Sunday, April 19, 2015

TOW #26: Dead Poet's Society as a Visual Text

This weekend, I had the pleasure of watching the classic film Dead Poet's Society for the first time. Given the topic of the story, and the fact that much of what happens throughout the film centers around classical texts and the impact that they have on modern characters, I think it serves as the perfect visual text to analyze in an APELC setting.

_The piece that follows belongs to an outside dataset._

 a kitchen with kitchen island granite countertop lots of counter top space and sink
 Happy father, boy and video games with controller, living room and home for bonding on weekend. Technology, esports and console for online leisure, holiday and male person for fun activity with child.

In considering what the director of Dead Poet's Society, Peter Weir, wishes for the audience to take from the film, it is essential to examine the social climate of the film as a whole, and understand how this affects the film's main characters. The story's setting at the Welton school can only be described as a place where conservative values of private education and institutionalism clash with the progressive ideals of youth, and those of John Keating, played by Robin Williams. As the film's tagline cites, Keating acts as the inspiration for the young men of his English class, who have been subjected to the rigged cultural ideals of the Welton School their entire lives. This is best evidenced when Keating reads aloud the absurd introduction to the classes English textbook, which instructs students to use an X-Y Axis to rate a poem's perfection, then allows the students to tear the book apart. In this way, Keating exposes the students to their first real taste of freedom and self expression in an educational environment. This is the first of several instances of Keating exposing the students to educational freedom over the course of the film. In the way, he challenges his students to question the social and political norms that define life at Welton. This leads Charlie to publish an article arguing for a coeducational environment at the school, and leads Neil Perry to take up an interest in acting, despite his father's stiff punishments.

Overall, this encouragement of doing what others might frown upon for the sake of "finding oneself" is the film's main message. Keating acts as the embodiment of the ideals he discusses in classic works such as Ulysees and The Odyssey. The relationship he shares with his students, and the outcome of these relationships at the end of the film, serves as an overall metaphor for the importance of questioning authority in all of its forms, and shaping ones identity not for the sake of others, but for the sake of oneself. It is important to note that Keating does not act a savior for his students, but rather that he acts as a tool for them to find the savior in themselves. It is through his lessons that his students go on to shape their own lives, and defy the rigid authoritarianism that surrounds them in the conservative environment of Welton, as well as the pressures they face from their at-home environments. Professor Keating enables his students to realize that they are more than mere products of the educational system, but individuals, capable of unique and wonderful things. He also attempts to instill in them a desire and a consciousness towards their ability to change the status quo of their environment. The films final scene, in which all of the members of the Dead Poet's Society stand on their desk's in a silent salute to Mr. Keating,  reveals his success at this endeavor.